GLÜCKSSPIEL: Wahrnehmungsverzerrung

Auch sieben Jahre nach der Gründung der a.s.b.l. Anonym Glécksspiller wird Spielsucht in Luxemburg noch immer weitgehend tabuisiert. Die woxx sprach mit Peter Kagerer, dem Psychologen der Beratungsstelle.

Zu wenig Zeit für Beratungsgespräche.
Peter Kagerer arbeitet
20 Stunden pro Woche
als Psychologe bei
der Vereinigung
„Anonym Glécksspiller“.

woxx: Glückspiele gibt es wahrscheinlich, seit es Menschen gibt. Spielen heutzutage mehr Menschen als früher, oder wird der moderne Mensch schneller abhängig?
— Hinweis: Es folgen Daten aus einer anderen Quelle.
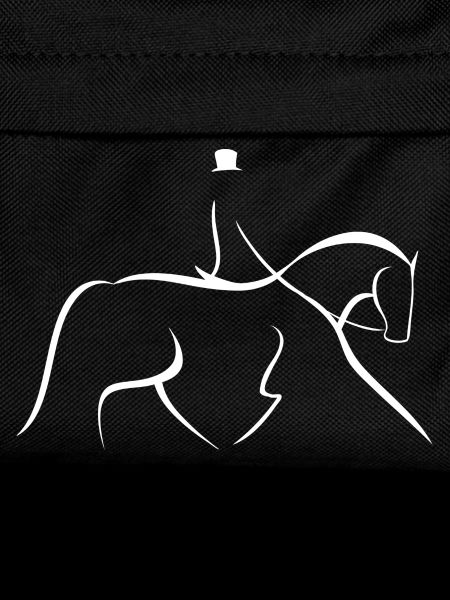 dressage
Peter Kagerer: Das ist bei ganz vielen Krankheitsbildern so, dass man, wenn man genauer hinzuschauen beginnt, plötzlich viel mehr sieht als vorher. Ich glaube, dass das Glücksspiel früher auch schon sehr weit verbreitet war – denken Sie an den 30-jährigen Krieg mit den spielenden Landsknechten oder auch an die Dorfkneipen, in denen Äcker und ähnliches verspielt wurden, wovon manche Familien noch nach Jahrhunderten berichten können. Ich glaube nicht, dass heute in größerem Umfang gespielt wird als früher; es wird nur anders gespielt, und das Angebot ist alltäglicher, und es ist viel bequemer…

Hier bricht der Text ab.